If I call Foo directly from my Main method, the compiler is smart enough to see that we are calling Foo with a string directly and correctly selects the concrete overload.
As the linked SO posts describe, I can call RunTestWithDynamic which will change which overload is used at runtime based on value. It feels just a bit "hacky", but I'm good with this solution.
I've commented out a line: a concrete overload of RunTest. This would be essentially the same as calling Foo directly. If that were un-commented, it would fix everything. Alas, that is not an option for me in my case.
Now, what if the T is for an out parameter? Consider the pattern used by, say, int.TryParse where you return a bool to indicate if it succeeded or not, but the value you actually want is an out. Now you can't really do dynamic resolution because you can't cast an out parameter. I considered doing something where I make a default(T) and then casting that to dynamic, but if that ever works well anywhere else, there is the problem of reference types that default to null to deal with.
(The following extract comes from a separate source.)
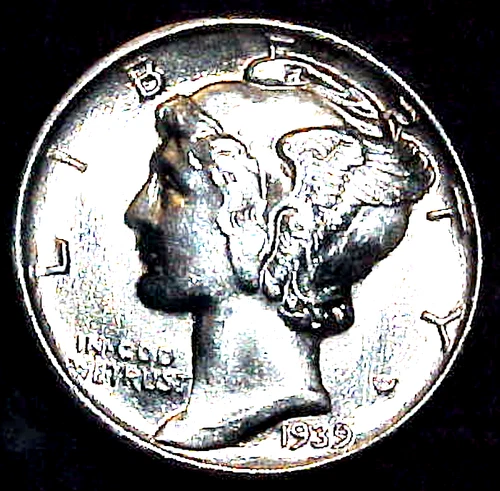 1939 MERCURY DIME.....GEM BU.....FREE SHIPPING!.....MIN. BID .01 & NO RESERVE!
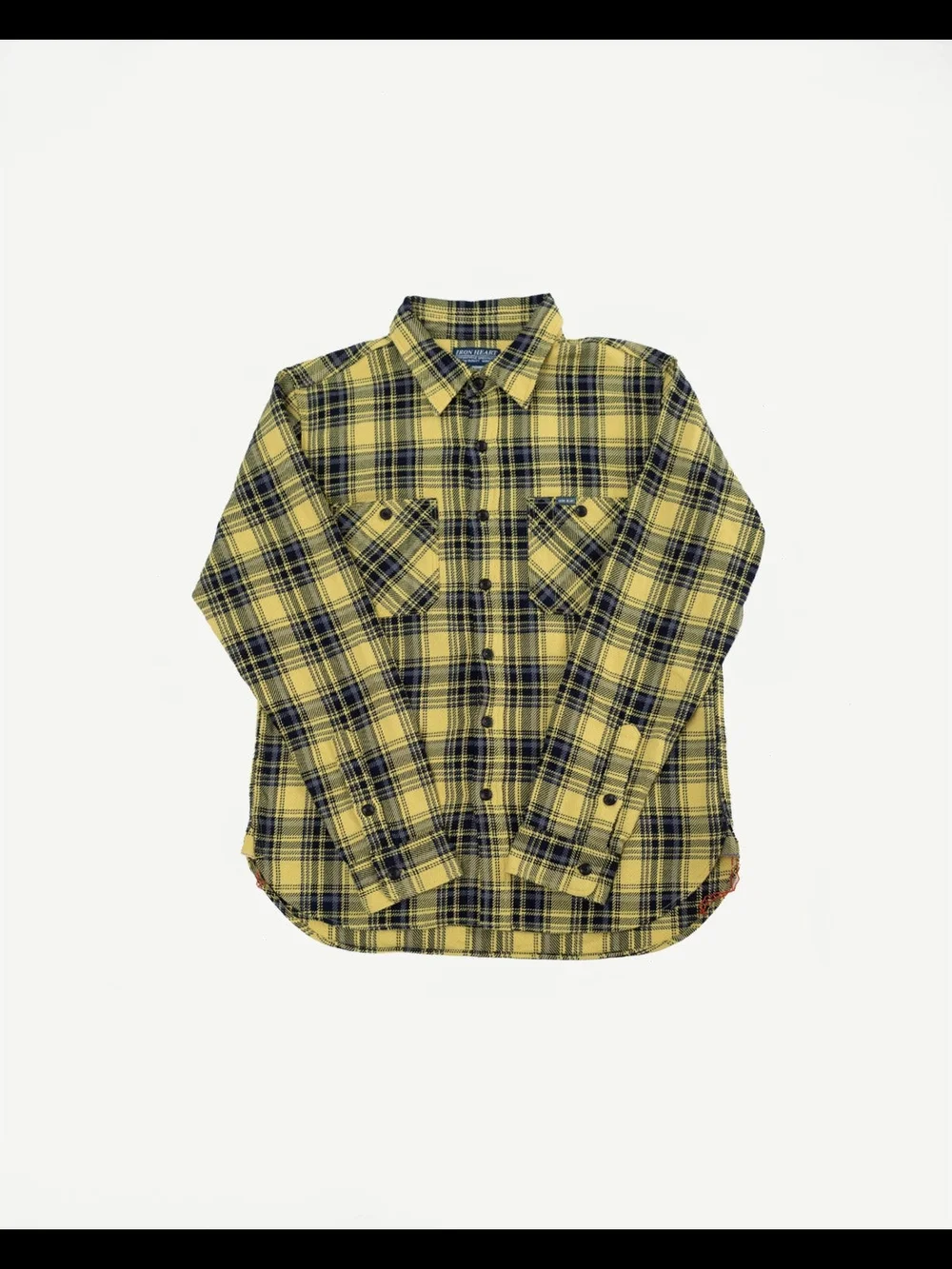 Iron Heart IHSH-412-YEL - 9oz Selvedge Indigo Check Flannel Work Shirt - Yellow - Picture 1 of 11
Nope, that doesn't work, either.
In the end, the best I could come up with was this:
void Main()
{
string x;
var g = new GenericTest();
g.TryRunTest(out x); //Ran from TryFoo<T>
g.TryRunTestWithDynamic(out x); //Ran from TryFoo(string)
g.TryFoo(out x); //Ran from TryFoo(string)
}
public class GenericTest
{
//This would fix it, but in my case, not an option
//public bool TryRunTest(out string withOutput) => return TryFoo(out withOutput);
public bool TryRunTest<T>(out T withOutput)
{
return TryFoo(out withOutput);
}
public bool TryRunTestWithDynamic<T>(out T withOutput)
{
if(typeof(T) == typeof(string))
{
var retval = TryFoo(out string s);
withOutput = (T)(dynamic)s;
return retval;
}
return TryFoo(out withOutput);
}
public bool TryFoo<T>(out T withOutput)
{
withOutput = default(T);
Console.WriteLine("Ran from TryFoo<T>");
return true;
}
public bool TryFoo(out string withOutput)
{
withOutput = "Strings are special";
Console.WriteLine("Ran from TryFoo(string)");
return true;
}
}
You can see that TryRunTestWithDynamic has to look for the concrete string type specifically. I can't figure out a way to do it so that I can just add overloads and then use dynamic resolution to select the overload I want without having to spell it all out (and let's face it--spelling it all out kind of kills the whole point of having overloads in the first place).
In his post I linked to above (and here for good measure), Jon Skeet mentions using MethodInfo.MakeGenericMethod as an alternative. Here he talks about how to use it. I'm curious if that would help me here, but I can't figure out how to use it with out parameters.
So, here are my specific questions:
While, yes this DOES work, it is VERY clunky. Is there a better way to do this? Most importantly, is there a way I can consume overloads that wouldn't require me checking each type specifically?
Is there a way to use the MethodInfo.MakeGenericMethod route using out parameters and would that help me?
Let's say we could wave a magic wand and all of a sudden a language feature was added to C# that would give us the option to force dynamic resolution for generic methods (either for all cases, or only for the case where the generic parameter is for an out, like my main problem). Taking from the above examples, let's say we had something like this:
//The following are all invalid syntax but illustrate possible
// ways we may express that we want to force dynamic resolution
//For out parameters
public void TryFoo<T>(dynamic out T withOutput){...}
//"dynamic out" could be a special combination of keywords so that this only works
// with output variables. Not sure if that constraint buys us anything.
// Maybe we would want to allow it for regular (not out) generic parameters as well
public void Foo<T>(dynamic T withInput){...}
public void Foo<dynamic T>(T withInput){...}
public void dynamic Foo<T>(T withInput){...}
Let's not focus on the syntax itself; we could easily use a different notation--that isn't the point. The idea is simply that we are telling the runtime that when we get to TryFoo<T>... pause and check to see if there is a different, better fitting overload that we should switch to instead. I'm also not particular on whether we are checking for a better resolution on T specifically, or if it applies to the method in general.
Is there any reason why this might be a BAD thing? As he often does, Eric Lippert makes some interesting points about generic and concrete overloading resolution when inheritance is involved (Jon Skeet is also quoted in other answers, as well) and discusses why choosing the most specific overload isn't always the best choice. I'm wondering if having such a language construct might introduce similar problems.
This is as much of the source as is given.